Defense doesn't win championships anymore. "Just enough" defense does. Alabama's success over the last decade exemplifies that more than any other program in the country. How does it do it? Strong work in key areas like third down and red zone. That's all Sarkisian will have to do in Austin, and he has the experience to make that happen.
But is he an upgrade?
Herman was the hot shot up-and-comer when he got the job at Texas. He had a good run as Houston's coach for two seasons and helped Ohio State win the national title in 2014 despite losing his top two quarterbacks -- Braxton Miller and JT Barrett -- and being forced to go with Cardale Jones. That's not the route Texas is going here.
Sarkisian is a proven coach who has excelled at an extremely high level as an assistant and team leader. The primary reason he fell out of favor with athletic directors across the country was his personal conduct issues that caused USC to bail on him after 1.5 seasons. By all accounts, Sark is rehabbed both in health and reputation as he continues on a steady path that is leading him to one of the top jobs in college football
But let's break down how Herman and Sarkisian stack up against one another.

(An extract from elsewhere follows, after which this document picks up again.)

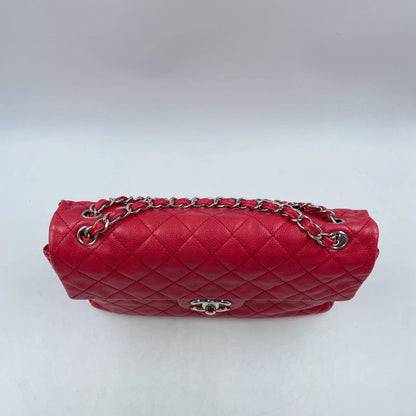 Chanel Classic Flap Maxi Red Caviar Leather Silver-tone Hardware Giant CC Logo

|Coach||HC record||Bowls||Top 25s||League titles||Division titles||QBs developed|
Sam Ehlinger, Shane Buechele, Greg Ward, Jr. Cardale Jones, JT Barrett
Mac Jones, Tua Tagovailoa, Jalen Hurts, Cody Kessler, Keith Price, Jake Locker, Mark Sanchez, John David Booty, Matt Leinart, Carson Palmer
These resumes are certainly similar.
The main difference is that Sarkisian has gone through the Nick Saban coaching rehabilitation program. That might not seem like it's important, but learning from the greatest coach in the sport's history should not be minimalized. Saban helped mold Jimbo Fisher into a coach who eventually won a national championship, Kirby Smart into a three-time SEC East champion and 2017 SEC title winner at Georgia, Mark Dantonio into a Michigan State legend, Lane Kiffin into a responsible adult now leading Ole Miss, and several others into opportunities to succeed.
Sure, not all of Saban's pupils have succeeded. But many have, and that's a strong pedigree. It's certainly a stronger vote of confidence than the one Herman received from Texas athletic director Chris Del Conte.